- The Washington Times - Wednesday, August 7, 2002

Prison officials in Minnesota violated the constitutional rights of three state employees who were punished for reading their Bibles during a diversity training session on homosexuality, a federal jury has concluded.
Minnesota's Department of Corrections violated free speech and equal protection rights of the employees during a 1997 state-mandated training session and discriminated against them on the basis of their religion, the nine-member panel unanimously agreed.
The jury awarded the employees, who sued the state, more than $78,000 in damages. The verdict came last week following a three-day trial in U.S. District Court in St. Paul.
"This jury verdict sends a very loud message to government officials that they cannot single out and punish employees for their religious beliefs," said Francis J. Manion, senior counsel for the Virginia-based American Center for Law and Justice (ACLJ), an international public-interest law firm that represented the employees
"The jury clearly let the state of Minnesota know that punishing employees for expressing their religious views is not only wrong, but violates their basic constitutional rights as well," Mr.
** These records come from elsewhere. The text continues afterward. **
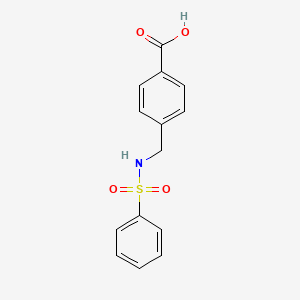 4-{[(Phenylsulfonyl)amino]methyl}benzoic acid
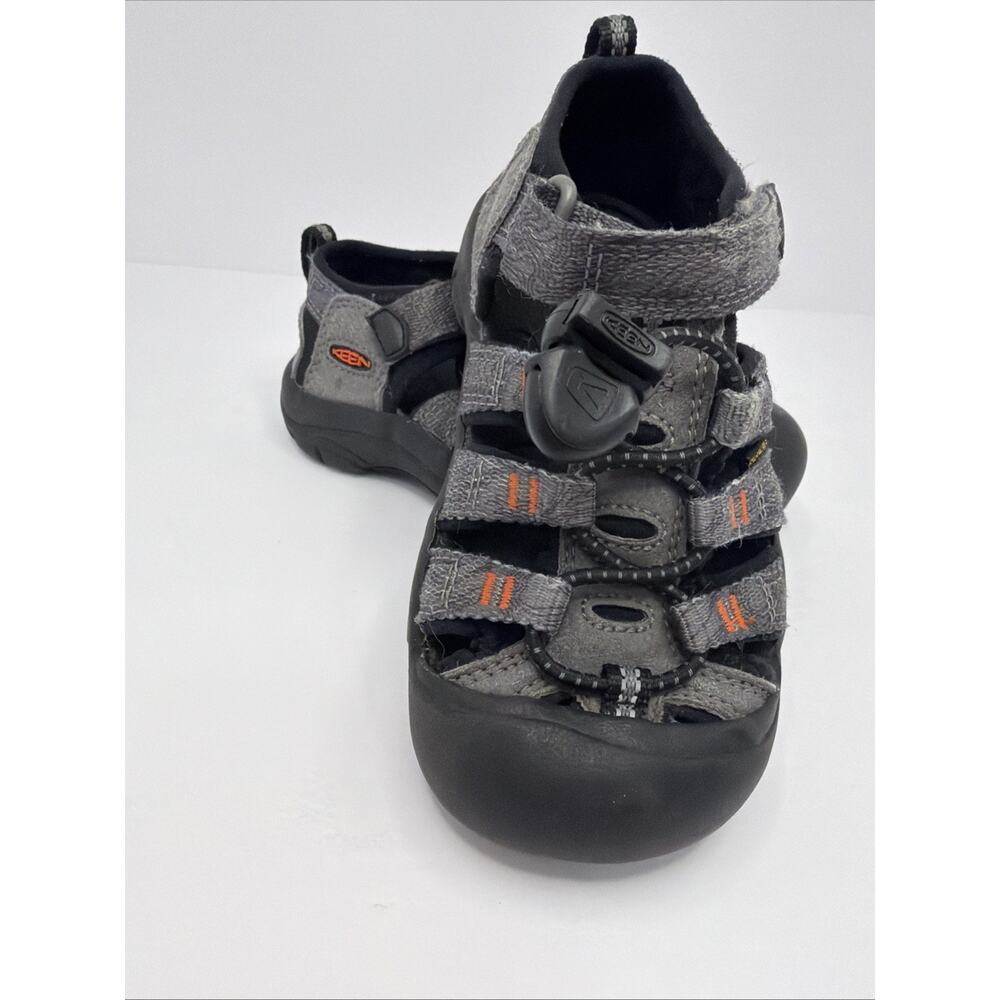 Keen Boys Kids Unisex Orange Grey Closed Toe Water Shoes Size 10 Hiking Walking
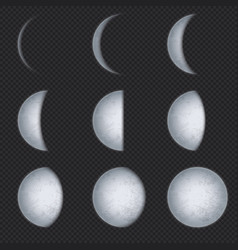 Moon phases icon border in Royalty Free Vector Image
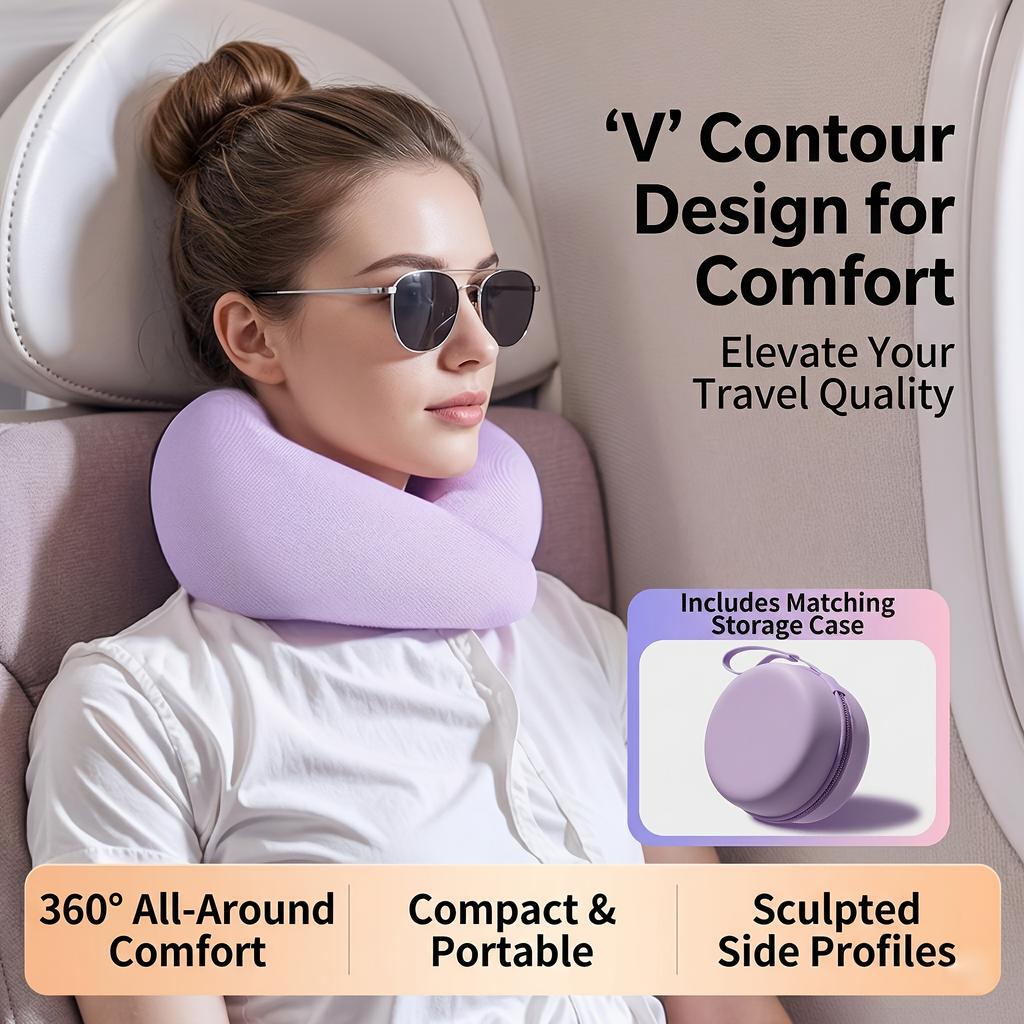 U-shaped Travel Neck Pillow, Travel Pillow, Comfortable Sleep, Ergonomic Design, Suitable for Travel Planes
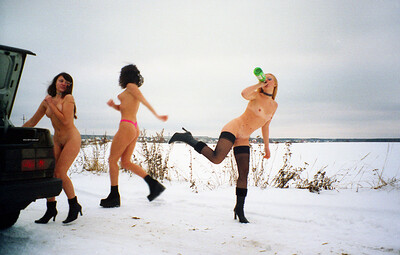 Bagira and Elsa in Festive Spirit from Nude In Russia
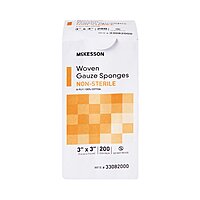 McKesson® Gauze Sponge 3 Inch × 3 Inch 8-Ply Non-Sterile 200 Count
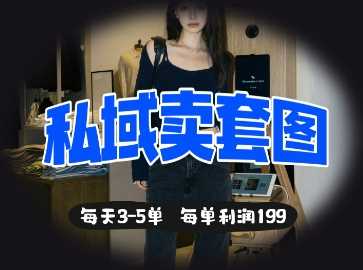 私域卖套图每天3-5单，每单利润99-钞能力网全创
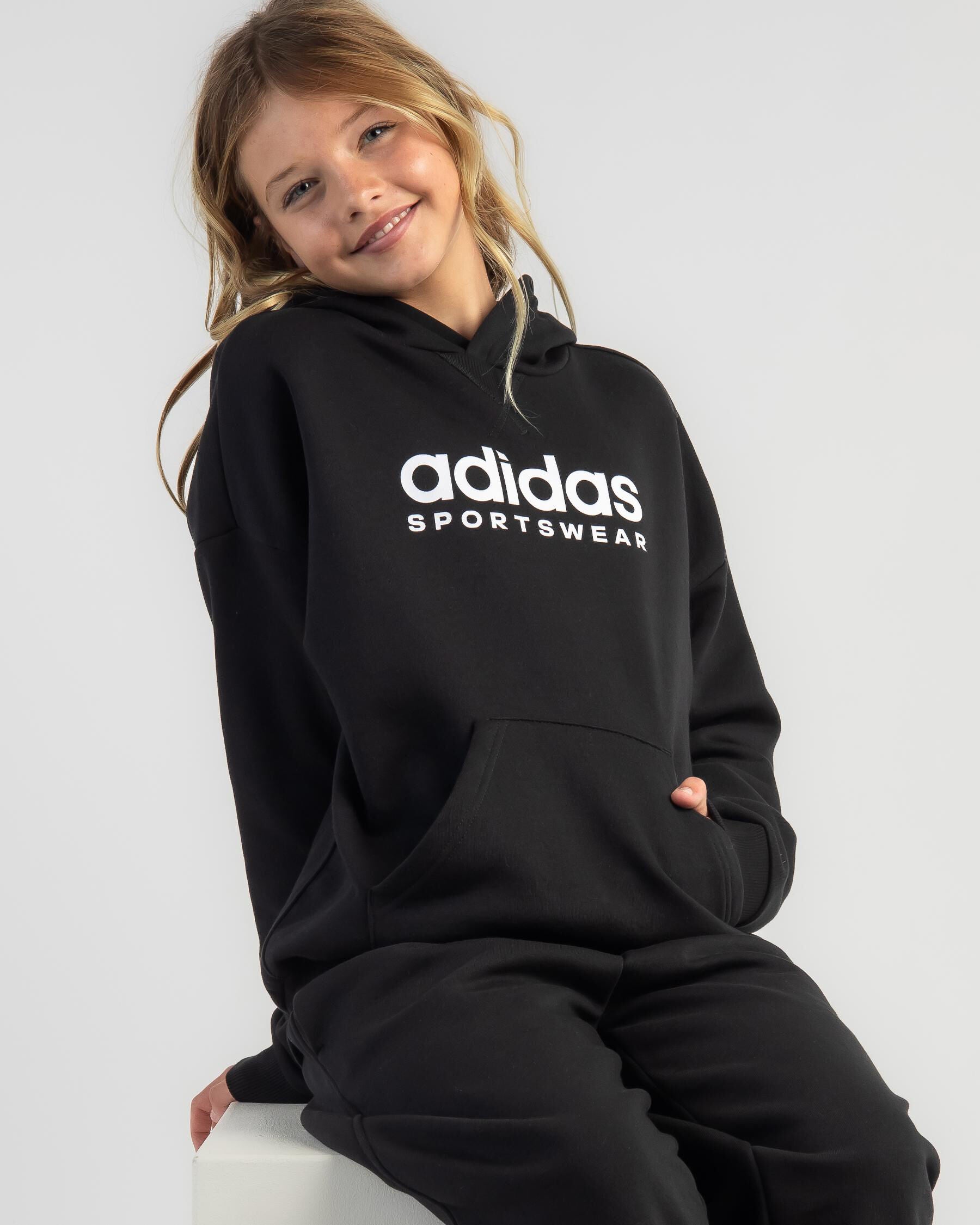 Adidas Girls' All Season Hoodie in Black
Manion said.
Officials of the state's Department of Corrections declined to comment on the ruling, which it has appealed.
The ACLJ filed the lawsuit in April 1998 against the Department of Corrections in Minnesota on behalf of employees Thomas Altman, Kristen Larson and Ken Yackly, who said the written reprimands they received made them ineligible for promotion for two years.
The employees say the training session, "Gays and Lesbians in the Workplace," was little more than "a state-sponsored indoctrination" aimed at changing their religious beliefs about homosexuality.
Mr. Manion said the employees attended the training session and did not interfere with the presentation when reading silently from their Bibles. Two of the employees also actively participated in parts of the session.
All three employees sat next to their supervisors. They said they were never told to put away their Bibles and later, after an investigation, received written reprimands "for inappropriate and unprofessional conduct," Mr. Manion said.
The employees said the investigation was remarkable because prison officials never investigated or disciplined workers for being inattentive during training sessions, even though some slept or read magazines through similar sessions.
In 1999, a federal district judge found that the actions of the state violated the free exercise of religion. But the judge threw out the rest of the ACLJ suit that focused on free speech and equal protection claims.
The ACLJ appealed that part of the decision to the 8th U.S. Circuit Court of Appeals. In May 2001, the court overruled the lower court, ordered that the case go to trial and rejected claims made by the state that the employees were guilty of insubordination
"Our clients never had an issue with the desire of the employer to ensure that co-workers treat each other with respect and dignity," said Mr. Manion, who argued the case before the jury.
"But when the state of Minnesota tried to force these employees to change their beliefs about homosexuality, the government crossed the line and violated their constitutional rights."